Now for an update to the fuel terminal, and its environs, as of last weekend.
As you can see we have erected the rest of the fence between said terminal and the railway. This fence is more of the Bachmann Security Fencing (No 44-505) - as used around the signal box at Petersfield.
Now, if anyone knows of an easy way to 'erect' this fencing then I would be only too pleased to hear about it because we found it very difficult and tried various ways of getting it to stay in place. 
In the end I stuck each panel onto a thin piece of white blu-tack and, then, sprinkled scatter material over that before dropping diluted glue on top of that. 
It was far from perfect but it did seem to do the trick and I am sure that we can disguise any imperfections! At least in this corner, and under the bridge, the fence is fairly well concealed.
As well as the fencing we also worked on the road above the tunnel and this is almost finished now, we just need to create an embankment on the other side to prevent any hapless motorists from careering over the edge. This will probably be done after we have finished all of the work on the terminal since we also want to make the side of the tunnel a little less flat and smooth. However, it is not a good idea to do this and, then, have to lean over it to work on the fuel terminal.
Because erecting the fence has proved to be a slower job than anticipated and because we had to relay some of the track here, this corner of the layout is taking a little longer than anticipated. However, it is hoped that we will be able to finish it in the next couple of weeks.


  1. Ha ha! I think we could collectively write a book of ways in which NOT to try to fix fencing!

    Two small successes I've had, although each has its drawbacks.

    I tend to use plaster which comes dry in a box from Wilkinsons and simply add some paint to stop it coming out white plus water until I have a fairly stiff consistency which can then be spread to make a little bank.

    When it has dried off a bit simply push the fence posts just a small way into the plaster and then check the fence remains upright as the plaster dries further. You can see the result (after 'grassing over) here

    The other way was very tedious and involved putting a blob of glue where I wanted the fence to start and letting that dry before adding another blob on top and holding the first fence post in place until the glue went off. (a thermos of hot tea may be necessary!)

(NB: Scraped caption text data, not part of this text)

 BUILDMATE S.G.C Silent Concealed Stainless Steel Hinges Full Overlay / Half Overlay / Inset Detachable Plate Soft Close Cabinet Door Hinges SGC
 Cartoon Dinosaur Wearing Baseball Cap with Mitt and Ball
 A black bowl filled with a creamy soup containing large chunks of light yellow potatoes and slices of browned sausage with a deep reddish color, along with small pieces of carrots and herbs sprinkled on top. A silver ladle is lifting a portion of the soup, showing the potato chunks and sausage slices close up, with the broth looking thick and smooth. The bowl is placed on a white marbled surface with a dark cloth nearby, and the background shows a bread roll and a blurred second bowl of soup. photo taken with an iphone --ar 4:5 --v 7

    Having done that it is a much quicker and easier job to fix the rest of the fence once you have this 'anchor'.

    For the fence along the back of the platform at Low Peak I used black tac (expensive American import used in professional circles I'm told!). It was OK there because it's out of sight! I'm sure you can mask your bluetac satisfactorily.

    Hope that helps in some small way.

  2. Thank you for those very helpful tips Mickey and, yes, I am sure we could indeed fill a few chapters on the least successful ways to put up a fence.

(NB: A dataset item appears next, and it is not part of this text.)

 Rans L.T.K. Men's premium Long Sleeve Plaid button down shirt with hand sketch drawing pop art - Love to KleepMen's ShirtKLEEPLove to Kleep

    Some of the best we have used is from Ratio where they have supplied separate little 'feet'. Mind you, even these do not help too much when the fence is on an uneven, grassy slope.

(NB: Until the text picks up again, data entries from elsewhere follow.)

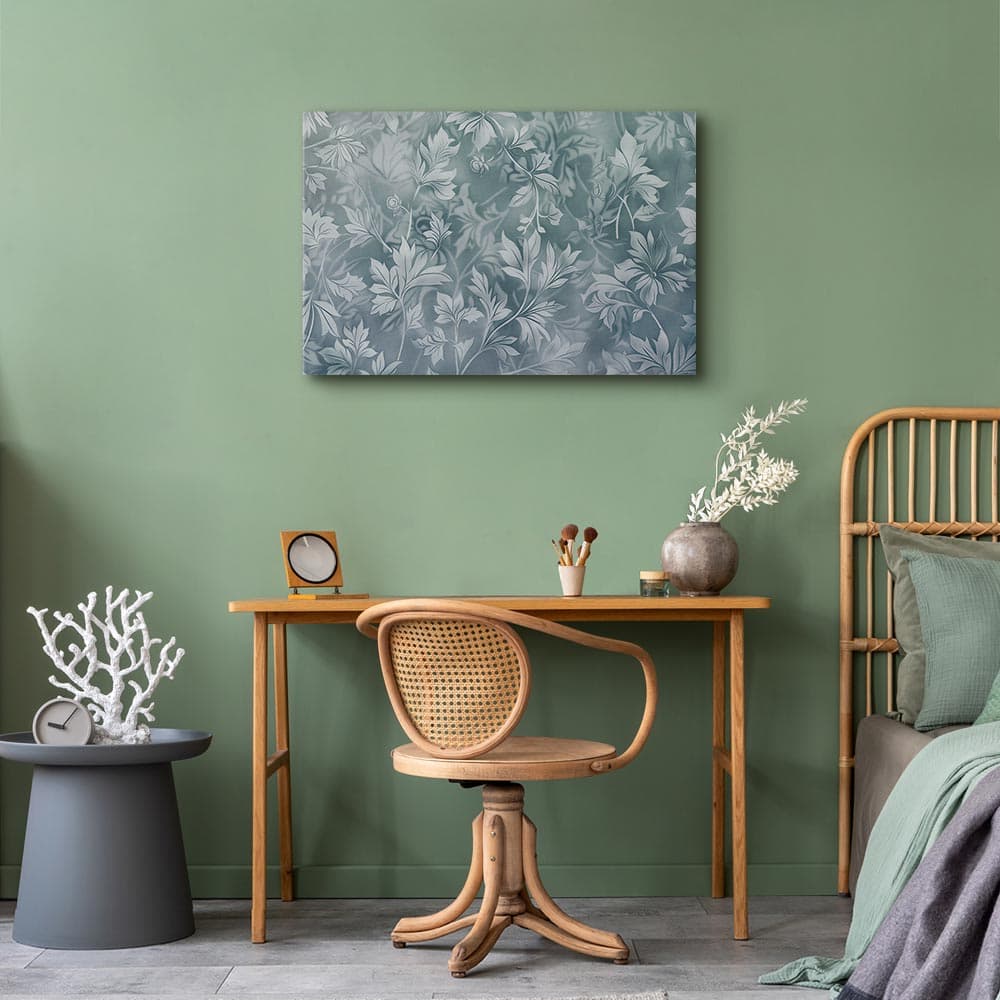 Картина на холсте Ornamenty w przetartych zgaszonych turkusach: delikatny wzór roślinny 30×20 см, итальянский холст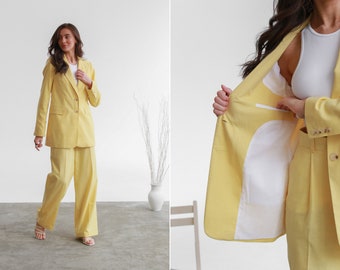 Two piece linen set blazer and pants.Linen summer pants suit.2-piece suit jacket and pants.Wedding guest pants suit lemon yellow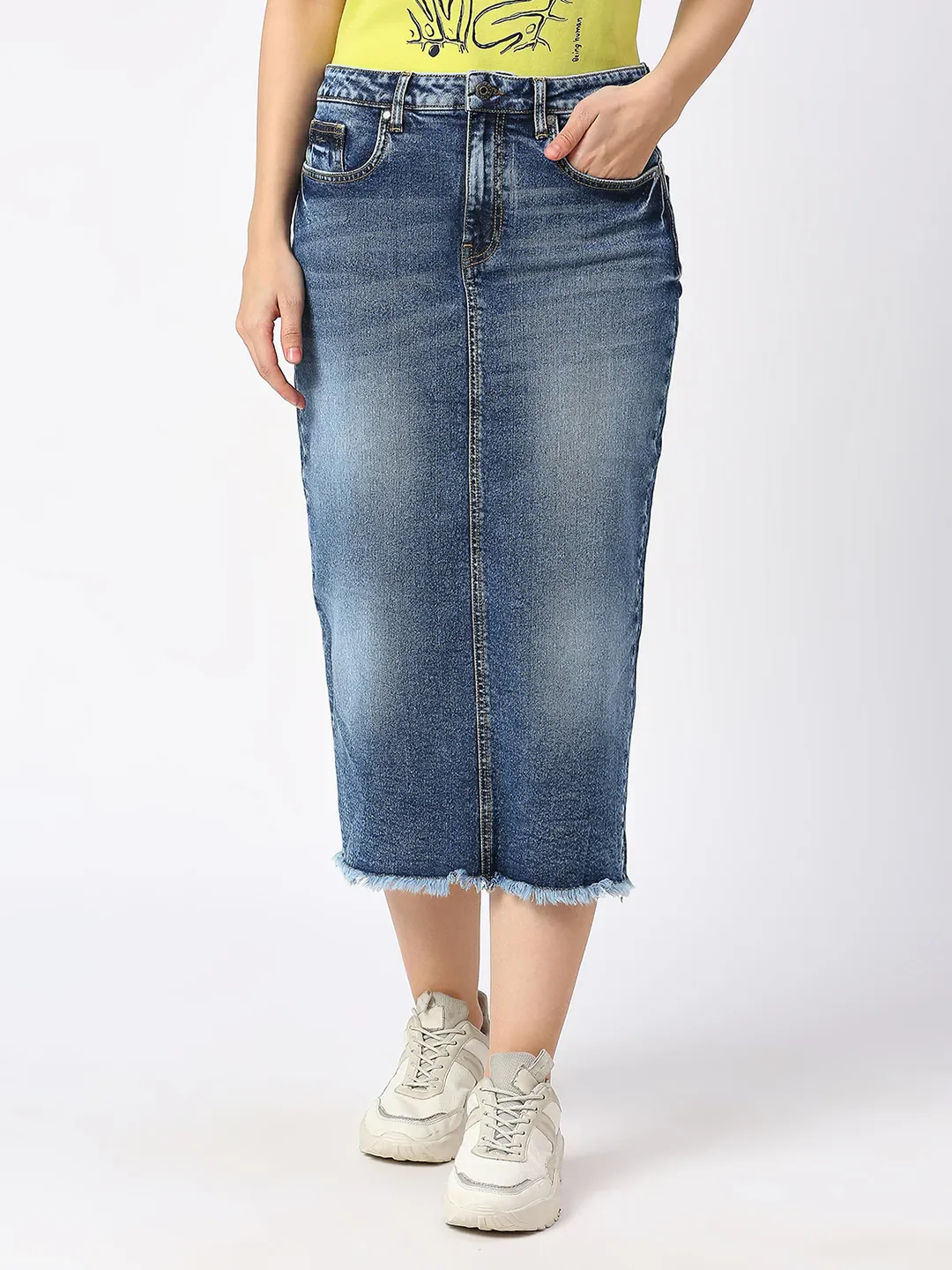 Blue Straight High Waist Women's Cotton Skirt By Being Human Clothing - Image 6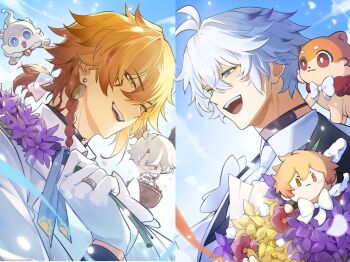 2boys antenna_hair basket black_choker black_vest blonde_hair blue_eyes blue_sky bouquet bow bowtie braid character_doll chibi chimera choker collared_shirt com777790 commentary_request doll earrings facial_tattoo flower gloves gold_earrings gold_ring gradient_hair highres holding holding_basket holding_bouquet honkai:_star_rail honkai_(series) jewelry korean_commentary male_focus medium_hair multicolored_hair multiple_boys mydei_(fig_stew)_(honkai:_star_rail) mydei_(honkai:_star_rail) neck_tattoo necktie parted_bangs phainon_(honkai:_star_rail) phainon_(vigethos)_(honkai:_star_rail) ponytail red_hair red_tattoo shirt short_hair short_ponytail side_braid sky tattoo vest white_bow white_bowtie white_gloves white_hair white_necktie white_shirt yellow_eyes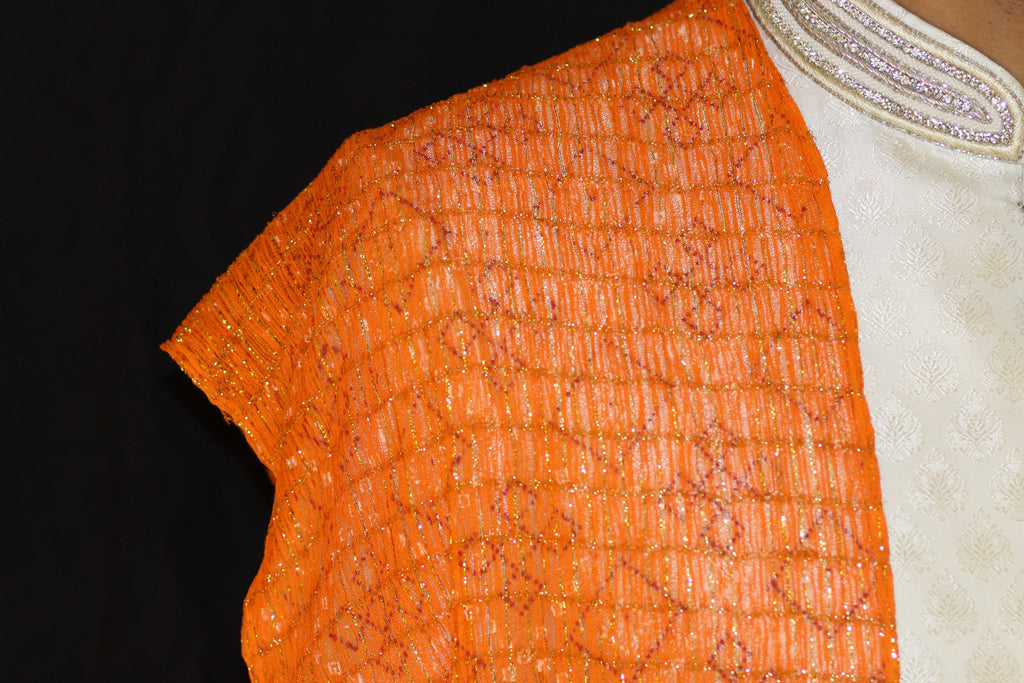 Orange Pattern Indian Mens Stole Scarf Shawl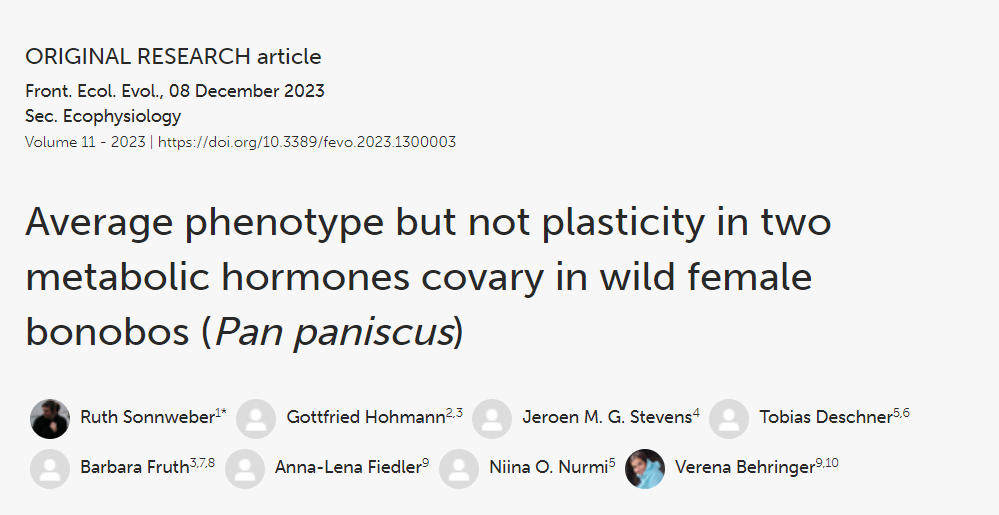 Paper alert: 'Average phenotype but not plasticity in two metabolic hormones covary in wild female bonobos (Pan paniscus)' appeared in #FrontEcolEvol. I love this result from a fruitful collaboration with lead author Ruth Sonnweber, and various co-authors.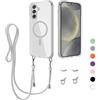 Beajew Cover Magnetica per Samsung Galaxy S25 Plus con Regolabile Rimovibile Corda da Collo Catena Collana [Compatibile con MagSafe] Clear Case con Cellulare per Galaxy S25 Plus, Grigio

    I like both of your ideas and will definitely try them the next time we go fencing - so long as I plenty of tea at the ready for your second idea.

    I have not heard of the American black tac - is it anything like Hobby Tac? We have used this in the past but it is very messy and if, as one always does, you get it on your fingers, everything sticks to you and not where you want it to!

  3. Don't know Hobby Tac!

    Black Tac was used by the guys at Olivia Trains to secure the loud speakers into most locos when we had sound chips fitted to our 'shed'. Subsequently we used Google to find an importer - and then had to wait for a Rep. to get in touch and sell just one (huge!) roll.

    But of course since having it around we've found many and various uses - both temporary ones for items being painted at the time and permanent ones. Definitely a help and no worse to deal with than blue tac.

  4. Ah, yes, I think I now know this black tac stuff as Howes have also used it to secure speakers inside a couple of our diesels and to provide a baffle when there was not enough space to fit a proper one. It IS very tacky and I can well believe that it could prove useful around the layout.

    Hobby Tac comes in a bottle and is good for sticking tufts of grass or people without bases where ordinary glue takes to long to go tacky. Just make sure that you don't get any on your fingers otherwise everything will stick to you!